(Directions)
Please repeat the data exactly. Any picture in it stays out.

(Data below)
───
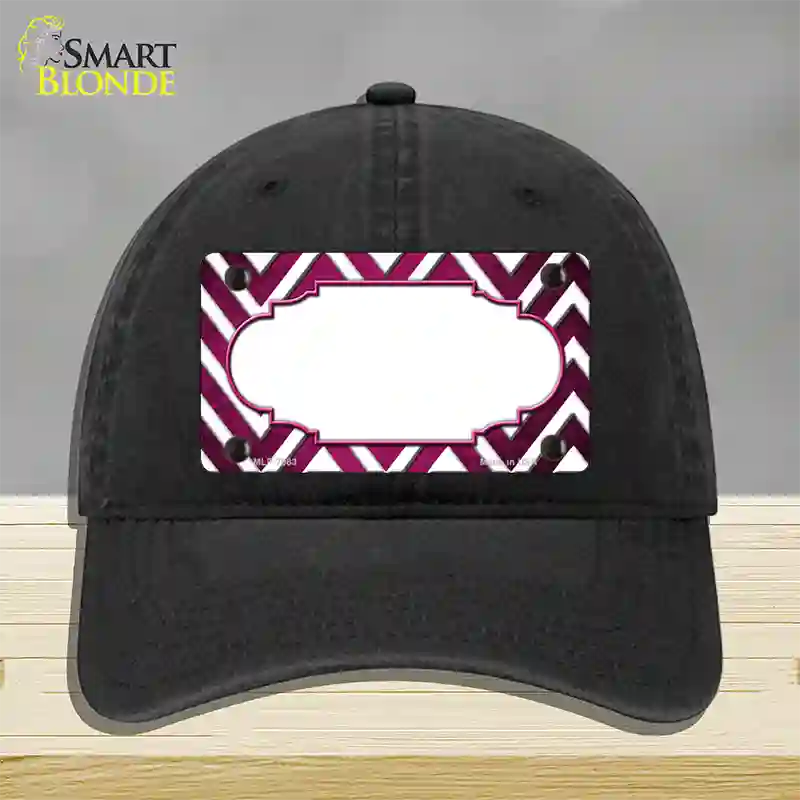 Pink White Chevron Scallop Oil Rubbed Novelty License Plate Hat Unconstructed Cotton / Black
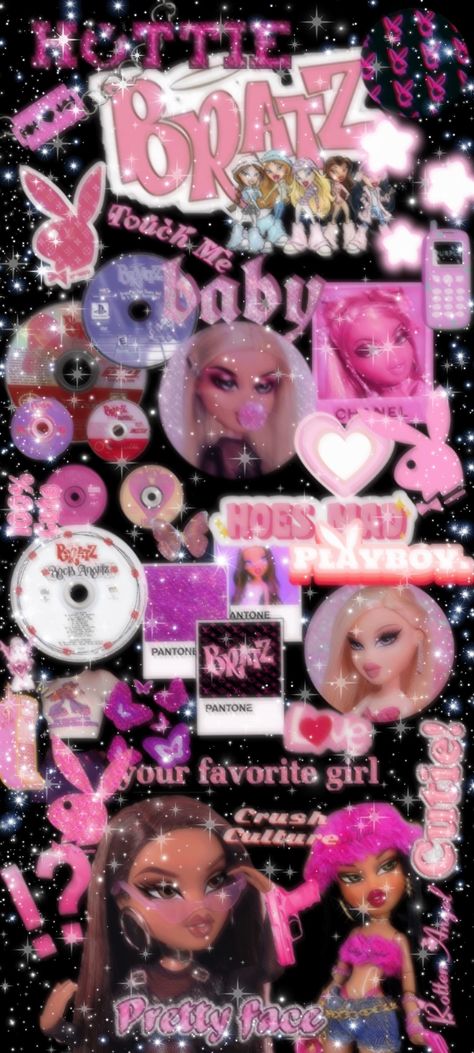 Bratz Asethic Wallpaper, 200s Wallpaper Aesthetic, Bratz Y2k Wallpaper, Pink Y2k Iphone Wallpaper, Y2k Asthetics Wallpaper, Bratz Iphone Wallpaper, Emo Ipad Wallpaper, Aesthic Wallpapers Iphone, Bratz Pink Aesthetic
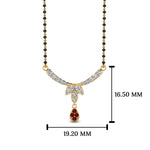 Load image into Gallery viewer, Floral-Drop-Diamond-Mangalsutra-Necklace-With-Ruby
───
(Output)
 Pink White Chevron Scallop Oil Rubbed Novelty License Plate Hat Unconstructed Cotton / Black
 Bratz Asethic Wallpaper, 200s Wallpaper Aesthetic, Bratz Y2k Wallpaper, Pink Y2k Iphone Wallpaper, Y2k Asthetics Wallpaper, Bratz Iphone Wallpaper, Emo Ipad Wallpaper, Aesthic Wallpapers Iphone, Bratz Pink Aesthetic
 Load image into Gallery viewer, Floral-Drop-Diamond-Mangalsutra-Necklace-With-Ruby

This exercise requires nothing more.